> **How to complete this task**
Your answer should be the lines below from the one holding "画像7: New York" through the one holding "Glanzstücke München Damen", copied exactly and with nothing else.

> **Extracted material**
*****

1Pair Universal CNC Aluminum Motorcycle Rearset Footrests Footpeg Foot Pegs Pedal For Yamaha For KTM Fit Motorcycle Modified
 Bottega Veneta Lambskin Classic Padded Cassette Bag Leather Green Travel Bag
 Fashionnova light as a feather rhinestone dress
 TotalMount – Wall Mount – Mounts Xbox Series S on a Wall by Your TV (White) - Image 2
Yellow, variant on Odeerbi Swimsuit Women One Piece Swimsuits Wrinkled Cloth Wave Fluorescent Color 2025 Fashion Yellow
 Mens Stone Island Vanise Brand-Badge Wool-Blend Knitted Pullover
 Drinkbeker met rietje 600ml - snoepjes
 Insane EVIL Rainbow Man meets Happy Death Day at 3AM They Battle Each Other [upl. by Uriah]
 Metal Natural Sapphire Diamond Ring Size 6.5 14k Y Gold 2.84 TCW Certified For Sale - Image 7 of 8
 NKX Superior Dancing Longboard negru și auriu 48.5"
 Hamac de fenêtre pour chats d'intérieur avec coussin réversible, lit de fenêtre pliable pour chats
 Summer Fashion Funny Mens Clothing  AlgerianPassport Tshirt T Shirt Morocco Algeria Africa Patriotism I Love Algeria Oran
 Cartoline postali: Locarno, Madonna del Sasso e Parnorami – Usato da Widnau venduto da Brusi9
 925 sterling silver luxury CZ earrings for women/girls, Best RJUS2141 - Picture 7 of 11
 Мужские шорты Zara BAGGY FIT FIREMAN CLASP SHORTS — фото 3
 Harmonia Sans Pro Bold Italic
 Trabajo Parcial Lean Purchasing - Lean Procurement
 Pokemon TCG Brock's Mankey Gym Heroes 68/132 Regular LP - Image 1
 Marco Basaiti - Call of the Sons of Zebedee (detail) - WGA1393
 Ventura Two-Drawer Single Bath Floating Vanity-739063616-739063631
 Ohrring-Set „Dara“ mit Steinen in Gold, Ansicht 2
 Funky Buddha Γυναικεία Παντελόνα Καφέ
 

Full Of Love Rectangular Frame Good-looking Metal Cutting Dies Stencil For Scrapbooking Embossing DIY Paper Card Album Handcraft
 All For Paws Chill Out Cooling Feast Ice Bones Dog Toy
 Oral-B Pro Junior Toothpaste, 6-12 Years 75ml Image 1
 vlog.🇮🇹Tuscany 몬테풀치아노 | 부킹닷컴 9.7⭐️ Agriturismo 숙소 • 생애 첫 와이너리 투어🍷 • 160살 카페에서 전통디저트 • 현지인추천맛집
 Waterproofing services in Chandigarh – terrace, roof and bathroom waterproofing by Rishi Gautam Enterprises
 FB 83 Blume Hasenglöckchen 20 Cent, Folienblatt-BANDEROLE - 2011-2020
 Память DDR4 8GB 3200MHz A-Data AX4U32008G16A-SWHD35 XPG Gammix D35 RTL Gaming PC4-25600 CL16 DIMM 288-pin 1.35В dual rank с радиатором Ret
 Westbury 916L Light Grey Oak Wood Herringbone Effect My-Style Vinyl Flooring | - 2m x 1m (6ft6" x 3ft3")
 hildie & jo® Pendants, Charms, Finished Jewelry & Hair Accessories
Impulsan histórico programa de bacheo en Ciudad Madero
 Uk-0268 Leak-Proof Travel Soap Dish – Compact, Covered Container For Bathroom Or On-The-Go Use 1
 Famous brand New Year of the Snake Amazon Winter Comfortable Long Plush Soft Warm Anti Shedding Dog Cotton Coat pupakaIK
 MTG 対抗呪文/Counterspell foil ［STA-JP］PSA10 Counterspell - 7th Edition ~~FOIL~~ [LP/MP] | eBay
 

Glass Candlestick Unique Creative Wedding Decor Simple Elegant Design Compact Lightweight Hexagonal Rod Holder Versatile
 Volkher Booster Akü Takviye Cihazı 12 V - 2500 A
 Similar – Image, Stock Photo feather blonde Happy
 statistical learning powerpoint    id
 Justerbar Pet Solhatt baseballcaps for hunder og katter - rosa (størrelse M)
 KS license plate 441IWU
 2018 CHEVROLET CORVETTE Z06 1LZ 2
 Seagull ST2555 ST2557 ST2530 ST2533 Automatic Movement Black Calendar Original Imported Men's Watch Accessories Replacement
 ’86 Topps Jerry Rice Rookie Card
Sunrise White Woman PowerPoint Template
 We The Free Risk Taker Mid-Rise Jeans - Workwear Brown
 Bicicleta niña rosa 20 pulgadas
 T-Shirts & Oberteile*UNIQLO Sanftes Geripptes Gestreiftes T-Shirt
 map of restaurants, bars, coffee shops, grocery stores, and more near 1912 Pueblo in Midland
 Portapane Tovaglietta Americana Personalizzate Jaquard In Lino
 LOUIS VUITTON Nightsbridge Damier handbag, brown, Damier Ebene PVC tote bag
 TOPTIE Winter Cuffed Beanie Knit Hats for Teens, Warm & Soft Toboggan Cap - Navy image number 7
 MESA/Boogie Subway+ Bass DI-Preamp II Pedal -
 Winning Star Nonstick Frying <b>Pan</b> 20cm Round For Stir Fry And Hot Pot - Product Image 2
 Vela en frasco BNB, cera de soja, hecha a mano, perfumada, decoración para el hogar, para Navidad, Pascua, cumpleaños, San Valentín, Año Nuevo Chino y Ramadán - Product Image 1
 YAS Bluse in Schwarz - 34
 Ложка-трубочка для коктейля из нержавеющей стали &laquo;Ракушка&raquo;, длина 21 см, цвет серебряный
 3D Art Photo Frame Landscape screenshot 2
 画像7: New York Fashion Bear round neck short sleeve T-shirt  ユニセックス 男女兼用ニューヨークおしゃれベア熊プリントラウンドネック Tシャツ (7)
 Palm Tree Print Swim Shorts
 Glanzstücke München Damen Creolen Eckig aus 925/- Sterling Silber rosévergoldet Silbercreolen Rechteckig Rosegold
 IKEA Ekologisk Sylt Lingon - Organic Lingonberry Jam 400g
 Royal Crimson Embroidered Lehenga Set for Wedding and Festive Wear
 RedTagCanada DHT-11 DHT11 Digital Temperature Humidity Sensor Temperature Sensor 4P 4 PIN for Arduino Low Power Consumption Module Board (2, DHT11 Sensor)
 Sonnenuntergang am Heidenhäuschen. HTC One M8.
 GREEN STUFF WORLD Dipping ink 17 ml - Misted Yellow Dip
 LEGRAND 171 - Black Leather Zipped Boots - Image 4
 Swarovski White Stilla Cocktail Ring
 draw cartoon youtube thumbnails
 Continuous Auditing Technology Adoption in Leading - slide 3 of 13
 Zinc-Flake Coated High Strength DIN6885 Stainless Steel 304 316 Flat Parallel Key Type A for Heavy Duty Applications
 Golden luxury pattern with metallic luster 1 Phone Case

*****

> **Written answer**
 画像7: New York Fashion Bear round neck short sleeve T-shirt  ユニセックス 男女兼用ニューヨークおしゃれベア熊プリントラウンドネック Tシャツ (7)
 Palm Tree Print Swim Shorts
 Glanzstücke München Damen Creolen Eckig aus 925/- Sterling Silber rosévergoldet Silbercreolen Rechteckig Rosegold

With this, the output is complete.